Alors que les débats sur la violence déployée dans les jeux vidéos font rage dans notre société, souvent menés par des ligues de parents bienveillants qui ne pensent qu’à protéger la santé mentale de leurs charmants bambins, il me paraît intéressant de se demander pourquoi les jeux vidéo génèrent une telle réaction. Évidemment la logique apparente des parents est tout à fait compréhensible : la violence c’est le mal, un enfant c’est innocent ; il ne faut pas souiller cette innocence. Dieu serait sûrement d’accord avec eux… Et c’est sûrement pourquoi je ne peux repousser cette envie malsaine de creuser un peu le sujet. C’est pourquoi, plutôt que de se laisser aller à une analyse socio-politique du problème, je vous propose ici une petite balade métaphysique au royaume de l’ère numérique sur les traces de ce mystérieux « pourquoi ».
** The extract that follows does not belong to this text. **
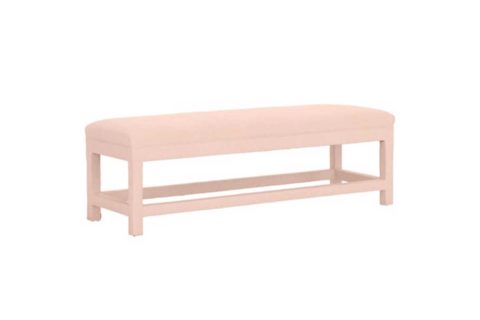 pink bench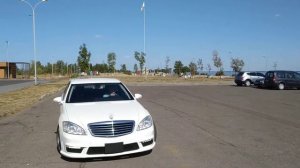 Mercedes S350 AMG packet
Dans son « insoutenable légèreté de l’être », Milan Kundera nous proposait une approche ô combien intéressante de la notion de « Kitsch », celle-ci n’étant alors non plus une forme qui s’oppose à la créativité et l’art, elle devient l’idée qui s’acharne à masquer les aspects inacceptables de la réalité humaine. C’est en quelque sorte la tentative de se persuader, par le biais de quelques habiles subterfuges, que l’homme n’a pas été banni du Paradis. Comme le dis si bien Kundera, le Kitsch esthétique de l’homme est incompatible avec la merde, représentation ultime de l’imperfection de ce même homme, de sa non-divinité. Au paradis, les déjections intestinales n’existaient pas, pas plus que la violence et la barbarie, mais voilà, une fois la pomme croquée le pauvre Adam s’est retrouvé confronté à d’étranges gargouillis intestinaux qui ne laissaient rien présager de bon pour l’image alors si pure de l’enfant de Dieu.
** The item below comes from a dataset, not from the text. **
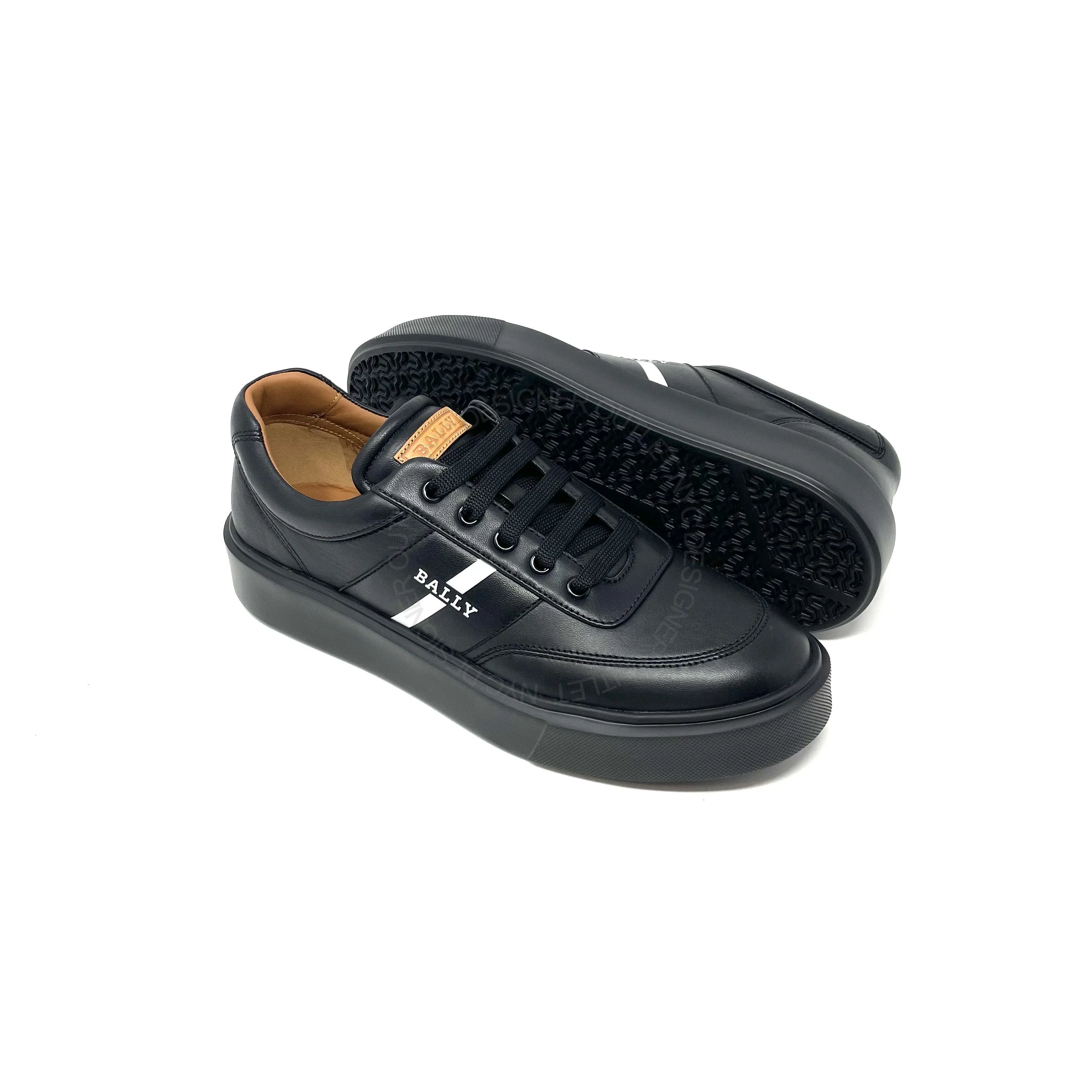 Bally Mens  Leather Sneaker Sneakers Go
Le rapport entre la pomme, les inacceptables excrétions, Adam et le goût prononcé de l’être humain pour la violence ? Il est simple : c’est la nostalgie du Paradis. Que se passe-t-il lorsqu’une gentille mère de famille s’aperçoit que son enfant de 14 ans passe des heures à hacher menu des hordes de méchants terroristes virtuels à coup de grenades à fragmentation et autres tronçonneuses-batteuses? Celle-ci est horrifiée, paniquée et s’insurge que son brave petit ait eu accès à une telle orgie de violence. Très bien, c’est normal, mais encore ? Et s’il y avait quelque chose d’autre, de bien plus gênant, qui vienne ébranler le Kitsch familiale de notre mère révoltée ? Car dans ce Kitsch-là, l’enfant est encore préservé des perversions de notre monde, il est le dernier représentant d’une réalité perdue. Et le problème en soi, ne pourrait-il pas être que cet enfant, dernier vestige qui permette aux parents de faire vibrer les cordes de leur nostalgie paradisiaque, AIME la violence ?
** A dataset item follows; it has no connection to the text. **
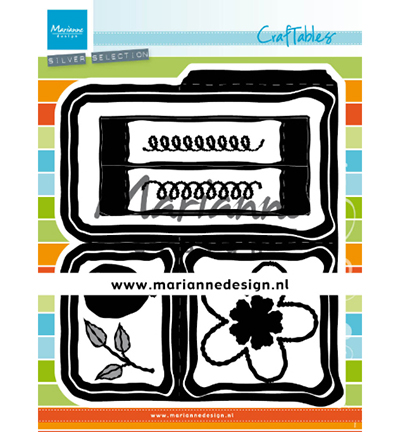 CR1433 - Marianne Design - Card box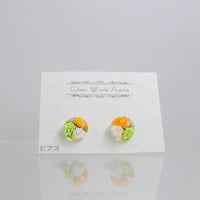 ガラスのピアス・イヤリング　216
L’importance ne serait donc pas l’innocence de l’enfant, pour l’enfant, mais le capital de nostalgie qu’il représente pour les parents qui se délectaient jusqu’alors de l’observer gambader dans les vertes contrées de l’Eden, alors qu’eux s’en savent irrémédiablement bannis et peine affreusement à se débarrasser de cet affreux goût de pomme métaphorique qui leur souille le palais. Comment tolérer alors, que le dernier représentant de l’état de grâce de l’homme se délecte d’actes de barbaries, tout virtuels qu’ils soient ? Leur haine revancharde se tournerait donc vers ces infâmes créateurs de jeux vidéo, vils serpents de l’ère numérique, qui osent venir briser la cohérence du Kitsch familiale en leur jetant en pleine face cette réalité amère : leurs enfants ne veulent pas entendre parler du Paradis et passent leur temps à s’empiffrer de pommes virtuelles ; la nostalgie perd alors tout objet et l’adulte se retrouve confronté à la damnation éternelle de son rejeton. Aïe !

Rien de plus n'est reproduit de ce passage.